森 確かにそうですね。夢舞台を維持管理、発展させていくためには、今までのふくろ
う会の動きだけでは不十分で、佐藤さんが提案した夢舞台プロジェクト案のような脱
皮の時期に来ていると思います。そして、そのことをふくろう会の会員全員が納得してい
くことが大切だと思います。出来れば会員一人ひとりが何らかの形でプロジェクトに参
加できることが理想だと思いますが、それはそれぞれの事情もあるので、出来る人がプ
ロジェクトを推進していき、それを後押ししていくというのが今は一番よい構図のように思
います。
ふくろう会とは
佐藤 僭越ながら、今までやってきた努力はどうなるのというのはおかしい、純粋な気持
ちがあるなら建設作業をするそのことで、各自が夢配当を頂いているんじゃないですか。
俺がやってあげたんだという心が出たとしたら感動ある人間交流ではなくなると思います。

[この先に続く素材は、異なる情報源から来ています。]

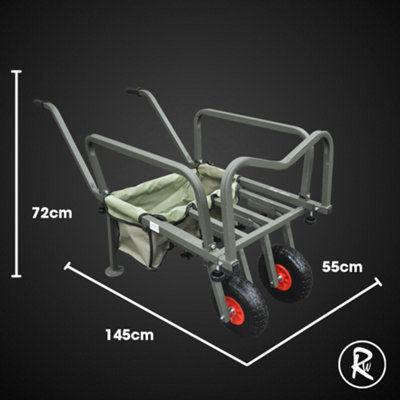 RocwooD Foldable Fishing Barrow Trolley Two Wheels 150kg Load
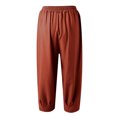 thumbnail image 4 of Pantalon Grand en Lin Uni à Taille Haute Élastique d'Été pour Femmes, 4 of 5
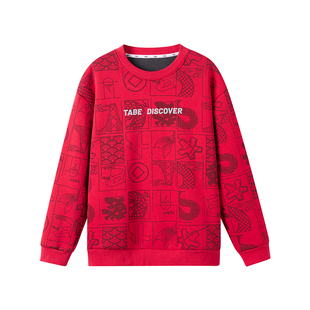 小猪托尼TABE胖童卫衣红色年装男大童秋冬款加绒加厚大码童装上衣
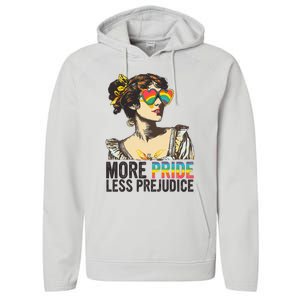 More Pride Less Prejudice Lgbt Pride Month More Pride Performance Fleece Hoodie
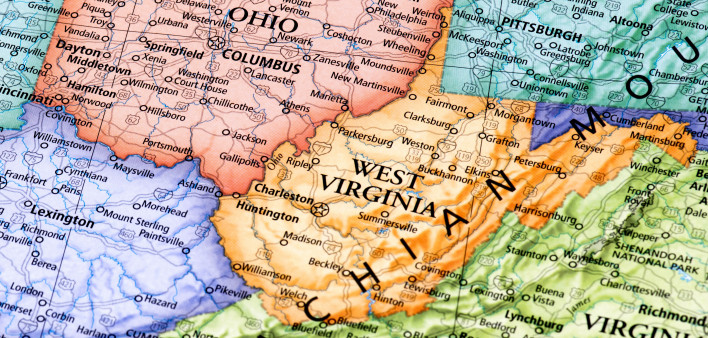 Map of Ohio, Indiana, West Virginia, Kentucky and Illinois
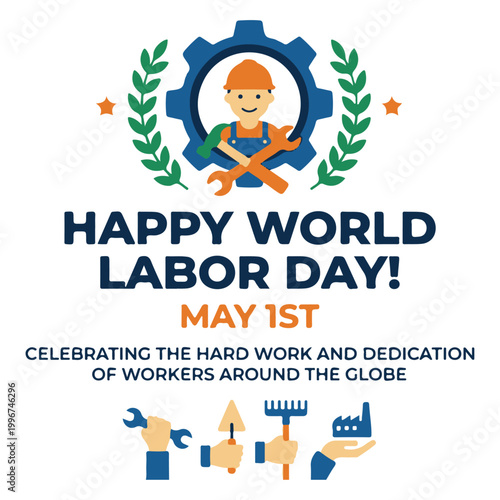 World Labor Day Greetings Illustration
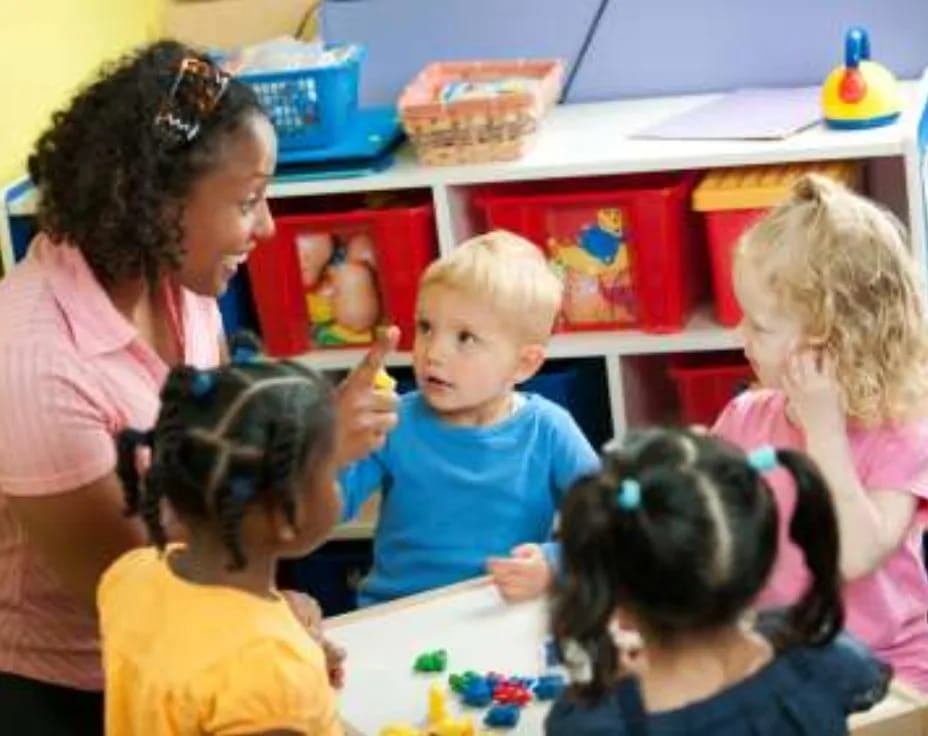 a person and several children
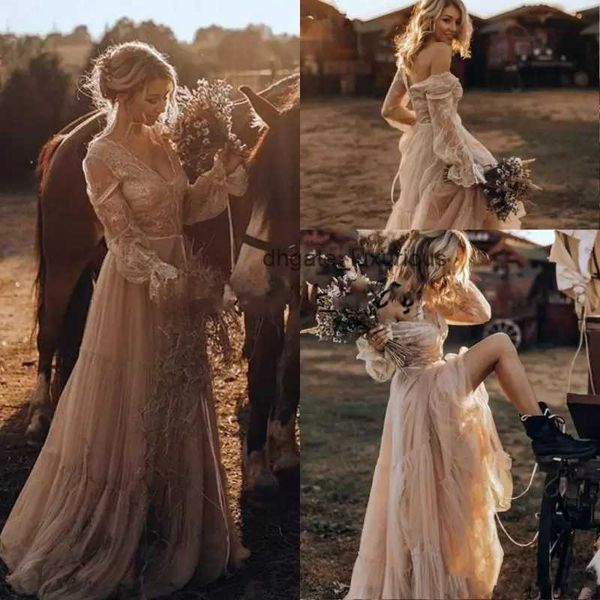 Vestidos de noiva ocidentais vintage country renda de manga longa cigana gipsy gipsing boho vestidos de noiva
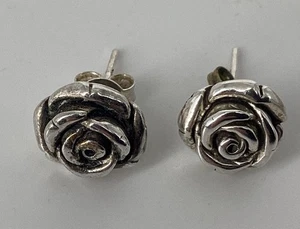 Vintage 9,25 Sterling Silber große Puffy Rose Ohrringe Peirced 3gr - Bild 1 von 4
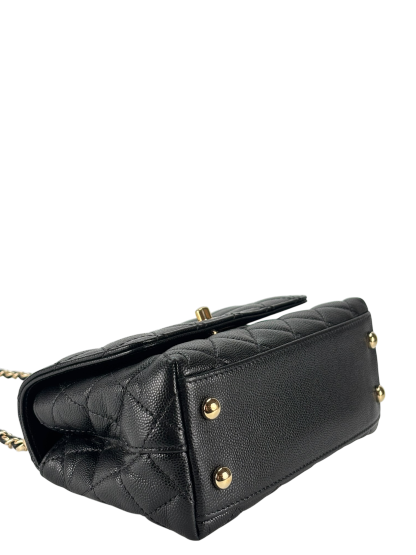 CHANEL - Coco Handle Small Black Caviar Gold Hardware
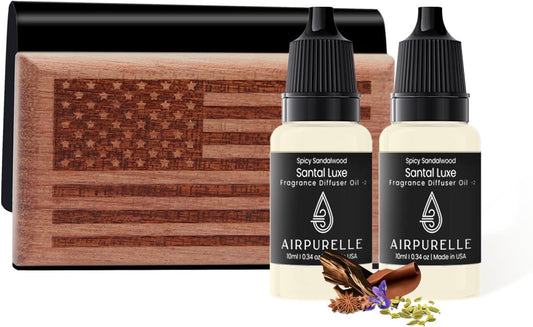 AirPurelle Car Air Freshener with Metal Clip Wood Air Freshener, 100 Days Long Lasting Spicy Sandalwood Scent, Includes 2x 10ML Refills, 0.68 FL OZ, Made in USA, Car Auto Accessories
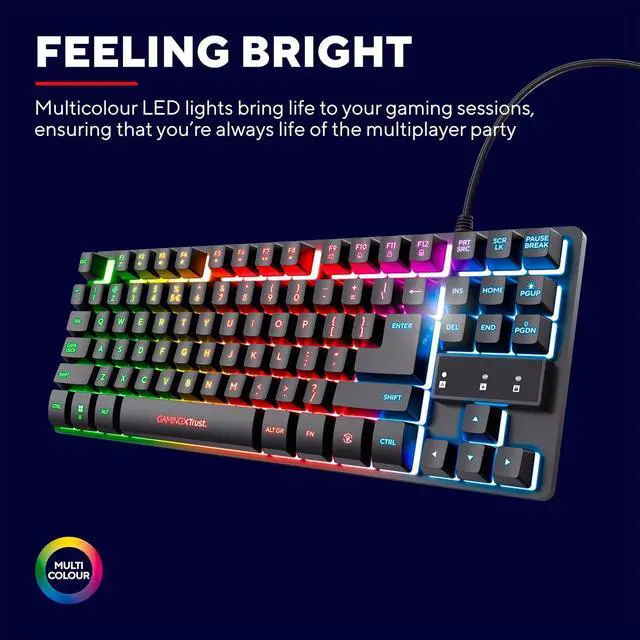 Alt view image 4 of 7 - Trust Gaming GXT 833 Thado NL/US Keyboard with TKL Design - Dutch QWERTY Keyboard Layout, US Keyboard - Anti-Ghosting, Multicoloured LED Lighting, 12 Media Keys, USB Plug & Play, PC/Laptop
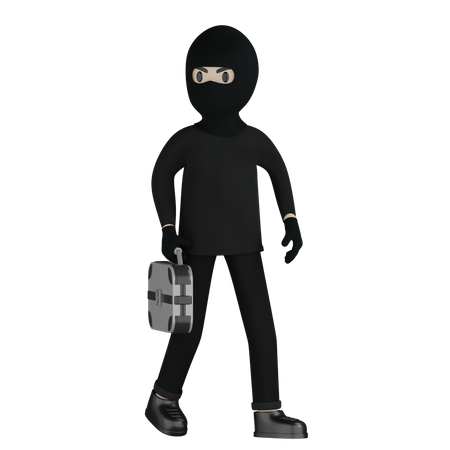 Robber With Suitcase 3D Illustration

働いた量で価値を決めるのですか。勿論、汗を流した方々は尊い働きをされました。
それは忘れないでしょう。そうした礎の上に次の方の汗が積み上げられていく。森さんの言
ういろんな方の個性が調和して動いていくのでしょう。
プロジェクトスタッフになるということは大変なことです。家族のことや生活がかかってき
ますから。捨てるもの、夢にかけてみる覚悟がないと出来ませんね。だから一律にはお願
いは出来ません。やってみたい人にお願いします。
オープニングパーティーのとき声楽家の吉武さんが森さんに「ふくろう会の人はどうして
話がうまいのですか」と多くの人の前で語るのが専門のプロも言いました。
私心がない。俺がやっているという高慢さが見えない、人間の美しさ、爽やかさがあ
る。そこが人の感動を呼び、寄付も出してくださると思っています。自分の分を演じると
ころが素晴らしいのだと思います。ふくろう会館&アートギャラリーオープニングパーティー
での森さんの挨拶も好評でしたが正にそれでした。自分をなくす。無私という状態のとき
人はその人に感動し、尊敬をする。そう思っています。それが感動ある人間交流です。
うまく語れない人でも認められるんです。そして、それが解るということは付き合った年数だ
けで決まるものではないと思います。
私は受けた恩は忘れていないつもりですが、長い付き合いの中でも常に向上心、
緊張感は大切だと思う。昔からの友達だから今も同じ、そんなふうには思っていません。
努力しなければ離れて行くと思います。
森 確かにそうです。最初に私が言いました佐藤さんと正面から向き合って来たと言う
のは正しくお互いの向上心と緊張感を保ってきたと言えます。そしてこれからもそういった
関係で行きたいと思っていますのでよろしくお願いします。
佐藤 ふくろう会の目指す理想は、何も自然派、郷里を愛する会ではないということ
は先程話したとおりです。現実的なことになりますが、出来るだけ会費は抑えたいと思
っています。今後、下げることがあっても上げません。大阪の前田さんのように一度も夢
舞台を利用することも無い賛同会員のような方には誠に恐縮しています。会費が高
いか、そうでないと思うのかはその人のふくろう会に対する思い入れの度合いだと思う。
あえて申しますが、そこから得る夢というものをどれだけ感じるか。私に対する信頼が
薄れたり、自分との価値観や夢が違ったり、物足りないと感じた方は高いと思うでしょう。
ですから無理をなされないでいいと思います。
森 そうですね。ふくろう会に対する思い入れですよね。もっとはっきり言うなら佐藤さん
に対する思い入れですよね。佐藤さんとの関係で向上心と緊張感をどれだけ大切なも
のと思えるかですよ。
佐藤 大変、高飛車に聞こえるかも知れませんね。なぜこんなことを申し上げるか、こ
うしたことははっきりしておかなければならないと思います。ふくろう会とは、こういう会であ
り、佐藤賢太郎はこういう人間だと解って会員になって頂かないと後でお互い困るから
です。
それに最近、今までと違った出会いによって会員になられる方が増えてまいりました。
これからもその傾向は続くと思います。ですから、そういう方にも最初に明確にしておくべ
きだと考えています。
森 その通りです。定款にもあるように、この会は佐藤賢太郎の作品や生き方に共感
する人の集まりなんですから、そこが一番大切だと思います。
それぞれの妻のこと
佐藤 過日、農業研修が終わり囲炉裏を囲みいろいろ愉しい本音も出ました。森さ
ん曰く「佐藤さんからの電話に家内が出るとき、少しは佐藤さんと世間話でもしてくれ
たら」と素直に語られましことに嬉しい思いになりました。あれは皆の心を和ませました。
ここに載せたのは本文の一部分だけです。